***** DATA FOR PROCESSING *****

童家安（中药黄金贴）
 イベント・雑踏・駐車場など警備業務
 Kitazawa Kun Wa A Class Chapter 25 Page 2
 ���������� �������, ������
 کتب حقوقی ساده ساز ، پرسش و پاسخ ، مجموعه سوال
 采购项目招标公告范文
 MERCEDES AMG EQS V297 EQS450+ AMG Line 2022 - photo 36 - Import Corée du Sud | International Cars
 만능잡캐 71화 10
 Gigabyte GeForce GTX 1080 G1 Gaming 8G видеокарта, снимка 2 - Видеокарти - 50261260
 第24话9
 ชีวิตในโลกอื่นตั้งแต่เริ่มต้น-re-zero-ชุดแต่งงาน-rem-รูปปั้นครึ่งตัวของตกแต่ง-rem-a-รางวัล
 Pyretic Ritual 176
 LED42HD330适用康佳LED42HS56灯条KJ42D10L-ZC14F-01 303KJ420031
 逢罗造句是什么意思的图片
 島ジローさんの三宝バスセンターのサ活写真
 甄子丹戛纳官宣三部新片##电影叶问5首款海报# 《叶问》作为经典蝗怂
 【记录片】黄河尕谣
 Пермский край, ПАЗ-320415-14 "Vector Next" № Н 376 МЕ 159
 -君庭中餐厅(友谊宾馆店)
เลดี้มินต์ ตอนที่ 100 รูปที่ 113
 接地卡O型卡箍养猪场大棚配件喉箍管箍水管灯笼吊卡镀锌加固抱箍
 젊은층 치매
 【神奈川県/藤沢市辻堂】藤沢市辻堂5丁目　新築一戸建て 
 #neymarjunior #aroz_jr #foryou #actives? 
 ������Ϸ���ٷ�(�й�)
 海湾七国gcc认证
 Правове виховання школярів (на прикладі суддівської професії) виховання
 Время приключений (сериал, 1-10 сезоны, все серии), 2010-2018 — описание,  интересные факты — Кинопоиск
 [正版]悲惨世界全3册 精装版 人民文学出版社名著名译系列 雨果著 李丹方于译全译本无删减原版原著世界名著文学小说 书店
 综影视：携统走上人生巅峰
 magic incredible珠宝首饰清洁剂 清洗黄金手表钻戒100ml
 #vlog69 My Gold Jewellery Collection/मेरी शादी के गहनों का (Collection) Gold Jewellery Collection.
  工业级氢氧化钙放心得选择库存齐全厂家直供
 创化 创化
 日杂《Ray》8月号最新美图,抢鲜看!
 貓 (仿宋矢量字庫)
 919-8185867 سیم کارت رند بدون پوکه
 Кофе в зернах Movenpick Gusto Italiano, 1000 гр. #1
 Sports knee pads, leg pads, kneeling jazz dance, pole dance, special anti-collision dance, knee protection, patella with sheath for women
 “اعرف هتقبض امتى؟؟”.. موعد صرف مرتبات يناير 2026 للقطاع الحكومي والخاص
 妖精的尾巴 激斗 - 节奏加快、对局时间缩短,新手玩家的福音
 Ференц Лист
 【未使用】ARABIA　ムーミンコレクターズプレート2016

*****

## [TASK OBJECTIVE]
Exact copies of every record are required.

## [WRITTEN ANSWER]
童家安（中药黄金贴）
 イベント・雑踏・駐車場など警備業務
 Kitazawa Kun Wa A Class Chapter 25 Page 2
 ���������� �������, ������
 کتب حقوقی ساده ساز ، پرسش و پاسخ ، مجموعه سوال
 采购项目招标公告范文
 MERCEDES AMG EQS V297 EQS450+ AMG Line 2022 - photo 36 - Import Corée du Sud | International Cars
 만능잡캐 71화 10
 Gigabyte GeForce GTX 1080 G1 Gaming 8G видеокарта, снимка 2 - Видеокарти - 50261260
 第24话9
 ชีวิตในโลกอื่นตั้งแต่เริ่มต้น-re-zero-ชุดแต่งงาน-rem-รูปปั้นครึ่งตัวของตกแต่ง-rem-a-รางวัล
 Pyretic Ritual 176
 LED42HD330适用康佳LED42HS56灯条KJ42D10L-ZC14F-01 303KJ420031
 逢罗造句是什么意思的图片
 島ジローさんの三宝バスセンターのサ活写真
 甄子丹戛纳官宣三部新片##电影叶问5首款海报# 《叶问》作为经典蝗怂
 【记录片】黄河尕谣
 Пермский край, ПАЗ-320415-14 "Vector Next" № Н 376 МЕ 159
 -君庭中餐厅(友谊宾馆店)
เลดี้มินต์ ตอนที่ 100 รูปที่ 113
 接地卡O型卡箍养猪场大棚配件喉箍管箍水管灯笼吊卡镀锌加固抱箍
 젊은층 치매
 【神奈川県/藤沢市辻堂】藤沢市辻堂5丁目　新築一戸建て 
 #neymarjunior #aroz_jr #foryou #actives? 
 ������Ϸ���ٷ�(�й�)
 海湾七国gcc认证
 Правове виховання школярів (на прикладі суддівської професії) виховання
 Время приключений (сериал, 1-10 сезоны, все серии), 2010-2018 — описание,  интересные факты — Кинопоиск
 [正版]悲惨世界全3册 精装版 人民文学出版社名著名译系列 雨果著 李丹方于译全译本无删减原版原著世界名著文学小说 书店
 综影视：携统走上人生巅峰
 magic incredible珠宝首饰清洁剂 清洗黄金手表钻戒100ml
 #vlog69 My Gold Jewellery Collection/मेरी शादी के गहनों का (Collection) Gold Jewellery Collection.
  工业级氢氧化钙放心得选择库存齐全厂家直供
 创化 创化
 日杂《Ray》8月号最新美图,抢鲜看!
 貓 (仿宋矢量字庫)
 919-8185867 سیم کارت رند بدون پوکه
 Кофе в зернах Movenpick Gusto Italiano, 1000 гр. #1
 Sports knee pads, leg pads, kneeling jazz dance, pole dance, special anti-collision dance, knee protection, patella with sheath for women
 “اعرف هتقبض امتى؟؟”.. موعد صرف مرتبات يناير 2026 للقطاع الحكومي والخاص
 妖精的尾巴 激斗 - 节奏加快、对局时间缩短,新手玩家的福音
 Ференц Лист
 【未使用】ARABIA　ムーミンコレクターズプレート2016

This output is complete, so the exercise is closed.